- [Action item]
Everything in the records except the pictures must be copied out exactly.
Start of Records
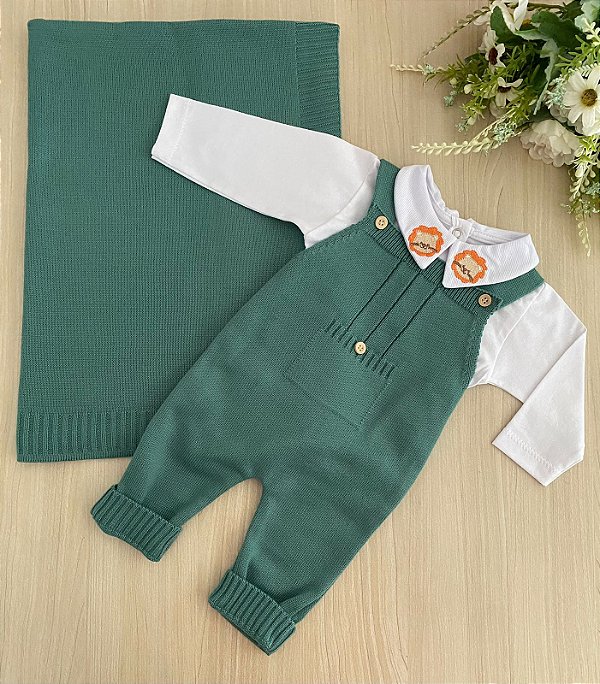 Saída de maternidade de menino em tricot com bordado de leão 3 peças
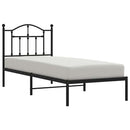 vidaXL fekete fém ágykeret fejtámlával 80 x 200 cm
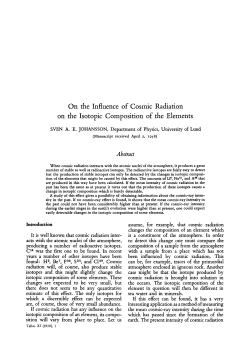 On the Influence of Cosmic Radiation on the Isotopic Composition of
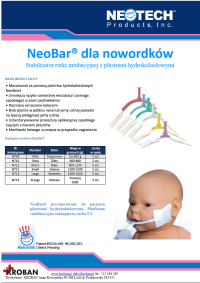 Neotech NeoBar dla noworodkw - Stabilizator rurki intubacyjnej z plastrami hydrokoloidowymi - pobierz kart produktu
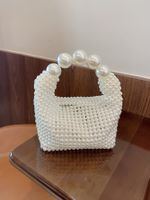 Women's Polyester Solid Color Elegant Classic Style Pearls Zipper Handbag sku image 1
End of Records
- [Completed task]
 Saída de maternidade de menino em tricot com bordado de leão 3 peças
 vidaXL fekete fém ágykeret fejtámlával 80 x 200 cm
 On the Influence of Cosmic Radiation on the Isotopic Composition of
 Neotech NeoBar dla noworodkw - Stabilizator rurki intubacyjnej z plastrami hydrokoloidowymi - pobierz kart produktu
 Women's Polyester Solid Color Elegant Classic Style Pearls Zipper Handbag sku image 1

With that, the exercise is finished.